The Data Canvas is divided into four primary areas: (1) the Top Navigation pane, (2) the Navigation pane, (3) the Content pane, and (4) the Data Summaries pane. Select a data element in the Navigation pane to view its details in the content area. The information that displays varies according to the type of resource you have selected. For example, if you select a folder or schema, their metadata will display in the Content pane. In the example below, the data lineage and a user-defined description display in the content pane, and the metadata for the selected table displays in the data summaries pane.

The Data Canvas view

Data Canvas top navigation pane

The top navigation pane on the Data Canvas displays the Explore Your Data title name and a search field. Enter a search term in the SEARCH field to perform a global search of all the data sources . See Searching Data Catalog.

Navigation pane

Navigate the tree of data resources to find the one you want to explore in the canvas. The navigation pane contains the following:

  • Find field
  • Data tree view
  • Action menu
  • Actions button

Enter a search term in the Find field to search for resources such as Virtual Folders, Folders, Collections, Schemas, Tables, Files or Fields within the navigation pane.

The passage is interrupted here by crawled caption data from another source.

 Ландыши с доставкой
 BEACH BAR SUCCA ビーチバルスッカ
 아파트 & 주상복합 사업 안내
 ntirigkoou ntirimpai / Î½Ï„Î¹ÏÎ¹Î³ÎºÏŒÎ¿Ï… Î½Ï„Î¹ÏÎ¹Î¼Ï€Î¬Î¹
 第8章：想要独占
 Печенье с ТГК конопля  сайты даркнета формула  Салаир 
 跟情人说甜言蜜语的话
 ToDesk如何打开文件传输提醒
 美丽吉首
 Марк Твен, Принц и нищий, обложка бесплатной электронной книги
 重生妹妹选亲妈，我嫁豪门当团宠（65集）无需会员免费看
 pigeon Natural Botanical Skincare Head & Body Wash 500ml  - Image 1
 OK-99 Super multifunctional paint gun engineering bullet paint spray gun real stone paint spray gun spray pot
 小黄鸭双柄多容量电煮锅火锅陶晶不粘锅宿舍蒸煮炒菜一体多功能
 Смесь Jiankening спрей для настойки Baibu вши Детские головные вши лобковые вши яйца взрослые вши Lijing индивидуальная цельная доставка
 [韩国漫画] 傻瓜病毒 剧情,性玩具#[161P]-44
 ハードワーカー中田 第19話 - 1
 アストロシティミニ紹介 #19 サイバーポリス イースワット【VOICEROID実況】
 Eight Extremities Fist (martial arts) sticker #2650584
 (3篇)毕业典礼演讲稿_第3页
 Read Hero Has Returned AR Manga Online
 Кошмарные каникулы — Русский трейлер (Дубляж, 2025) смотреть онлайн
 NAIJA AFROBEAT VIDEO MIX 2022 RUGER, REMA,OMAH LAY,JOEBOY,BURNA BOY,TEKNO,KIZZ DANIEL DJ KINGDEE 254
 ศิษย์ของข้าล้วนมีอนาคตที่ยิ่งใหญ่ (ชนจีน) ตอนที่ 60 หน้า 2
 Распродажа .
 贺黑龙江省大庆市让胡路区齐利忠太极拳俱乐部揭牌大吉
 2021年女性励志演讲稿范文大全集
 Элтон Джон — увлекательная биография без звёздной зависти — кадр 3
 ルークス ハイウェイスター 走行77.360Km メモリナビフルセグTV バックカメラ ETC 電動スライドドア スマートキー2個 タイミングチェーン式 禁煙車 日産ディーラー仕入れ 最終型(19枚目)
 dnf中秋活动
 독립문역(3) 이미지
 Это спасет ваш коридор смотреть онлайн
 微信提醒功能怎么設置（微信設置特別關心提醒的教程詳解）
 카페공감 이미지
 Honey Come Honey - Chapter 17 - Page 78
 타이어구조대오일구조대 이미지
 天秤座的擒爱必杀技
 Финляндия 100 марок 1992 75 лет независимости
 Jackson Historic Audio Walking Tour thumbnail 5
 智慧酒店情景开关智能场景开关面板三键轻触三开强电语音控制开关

The navigation pane displays the data resources and virtual folders you have added to Data Catalog in a tree view. A checkbox displays next to each resource in the tree. When you select a data source in the navigation pane you want to work with, the Content pane displays the structure of your data source. When you select an individual resource, the resource name is highlighted in the tree view and the metadata of that resource displays in the Content pane of the canvas view. The name of the selected item and the path displays in the banner area of the Content pane.

You can click the three-dot Action menu on the right of each resource in the navigation tree to scan, process, or bookmark that resource. Selecting Scan will immediately scan the resource. Selecting Process opens the Process Selected Items page, which lists the processes you can run on your resource. Selecting Bookmark adds a bookmark to your Bookmarks page.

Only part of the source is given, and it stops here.